§ Directions for this task: From the data below, please reproduce exactly everything from the line that contains "Balusu's Indian Cuisine" down to the line that contains "ZAPC536B9F5200393 2015 Vespa", with both ends included.
______
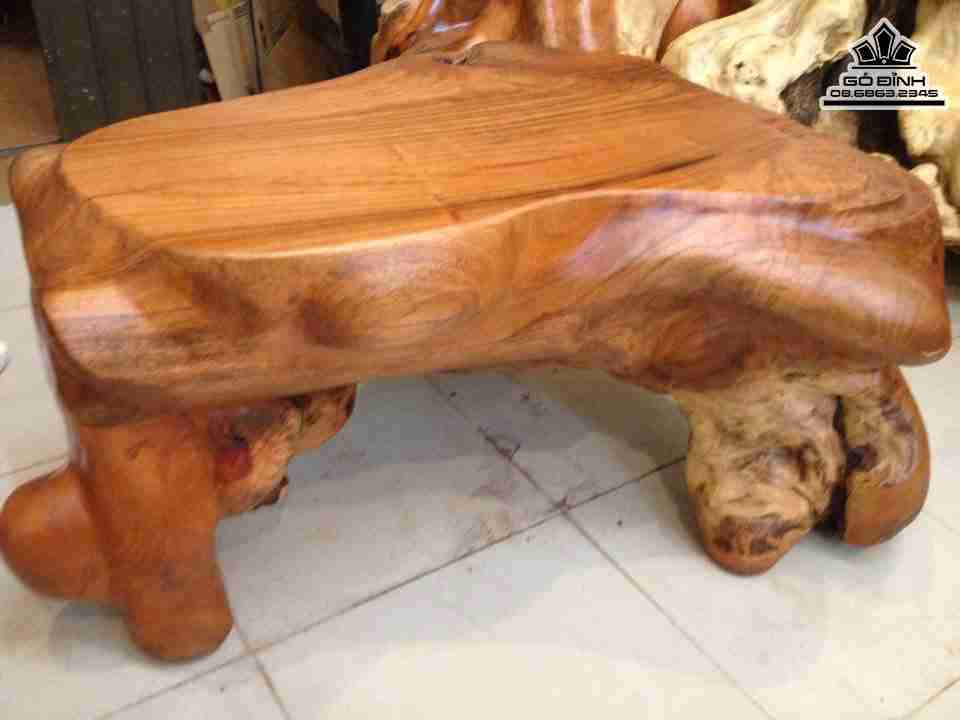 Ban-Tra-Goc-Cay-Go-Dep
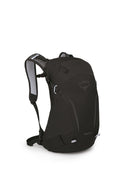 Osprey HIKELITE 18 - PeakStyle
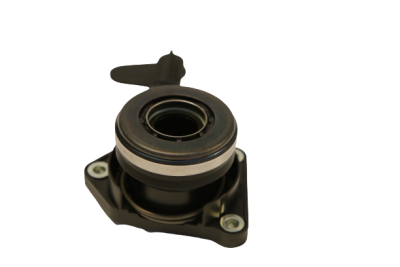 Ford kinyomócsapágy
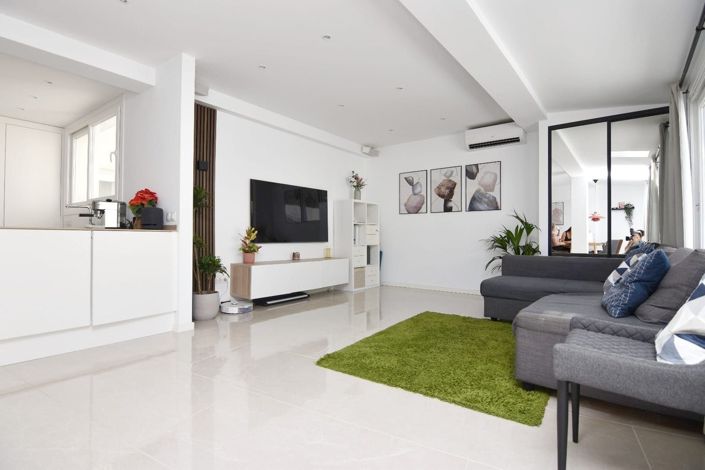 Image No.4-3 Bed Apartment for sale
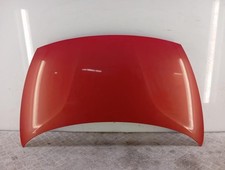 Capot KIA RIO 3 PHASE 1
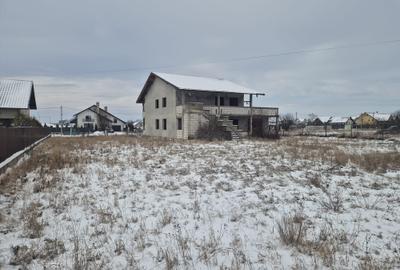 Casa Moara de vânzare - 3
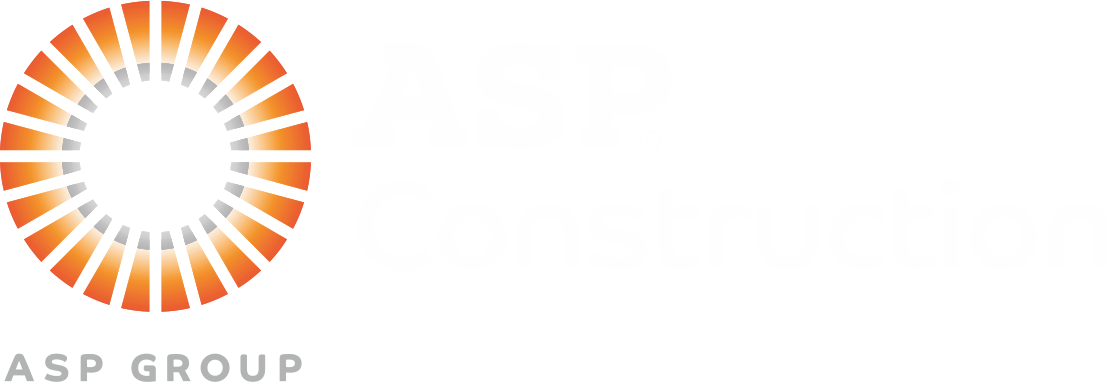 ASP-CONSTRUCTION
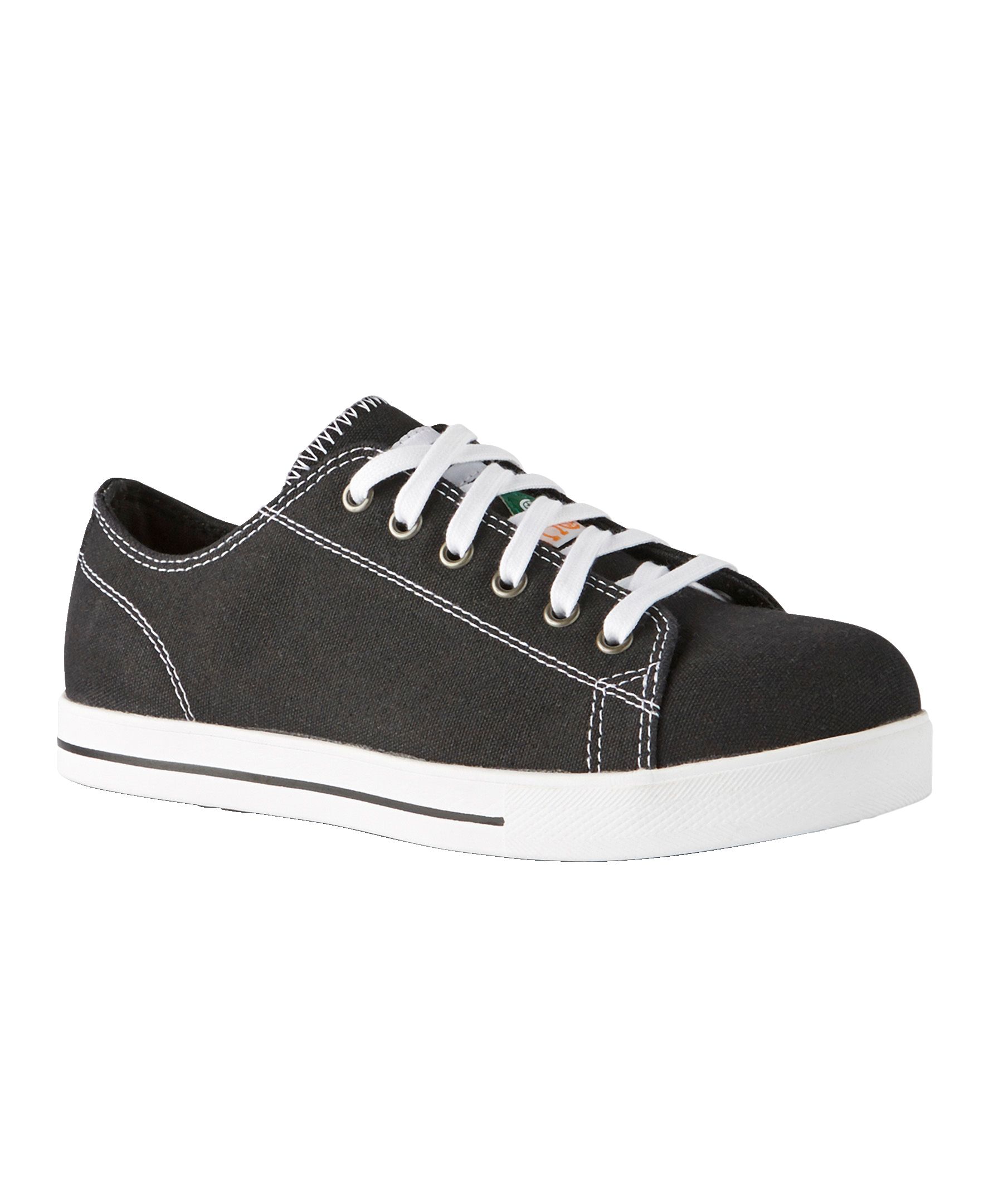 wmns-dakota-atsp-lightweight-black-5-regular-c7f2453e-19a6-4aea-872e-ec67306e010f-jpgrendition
______
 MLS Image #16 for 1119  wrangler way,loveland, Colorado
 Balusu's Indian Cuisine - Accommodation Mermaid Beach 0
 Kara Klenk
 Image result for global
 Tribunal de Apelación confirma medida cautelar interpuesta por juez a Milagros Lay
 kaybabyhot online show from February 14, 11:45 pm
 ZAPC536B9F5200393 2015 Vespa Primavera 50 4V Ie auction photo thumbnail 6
______
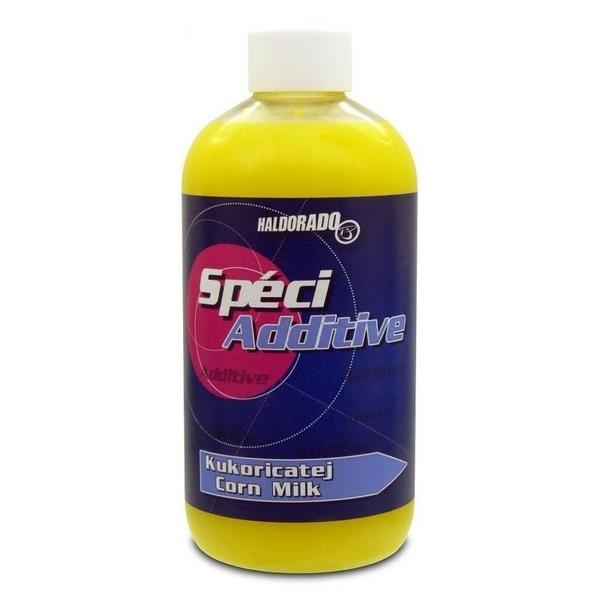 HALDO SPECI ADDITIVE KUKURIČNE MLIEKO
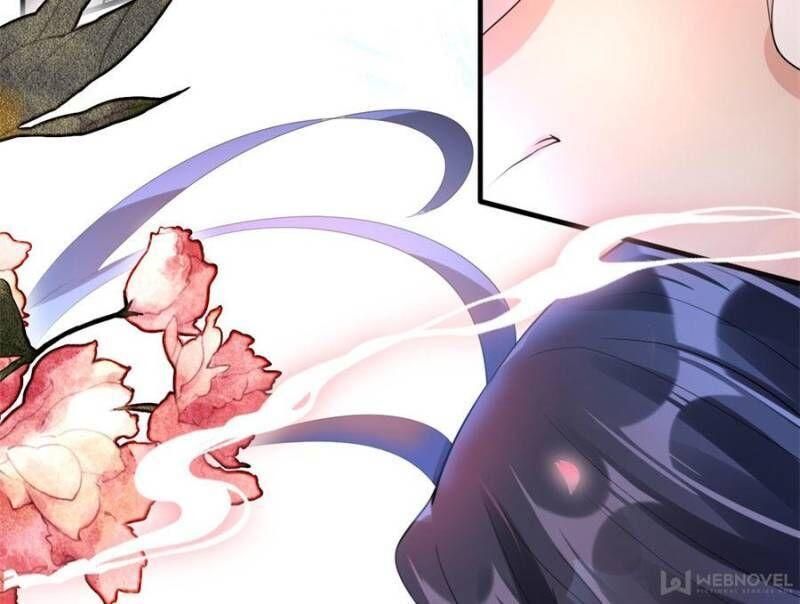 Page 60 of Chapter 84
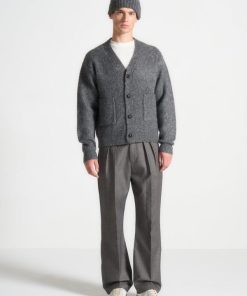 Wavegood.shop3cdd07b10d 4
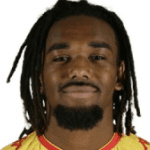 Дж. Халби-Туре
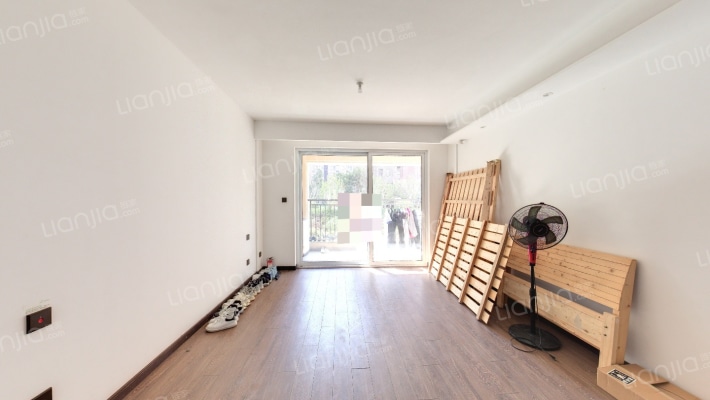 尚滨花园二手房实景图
______
§ Reply:
 Balusu's Indian Cuisine - Accommodation Mermaid Beach 0
 Kara Klenk
 Image result for global
 Tribunal de Apelación confirma medida cautelar interpuesta por juez a Milagros Lay
 kaybabyhot online show from February 14, 11:45 pm
 ZAPC536B9F5200393 2015 Vespa Primavera 50 4V Ie auction photo thumbnail 6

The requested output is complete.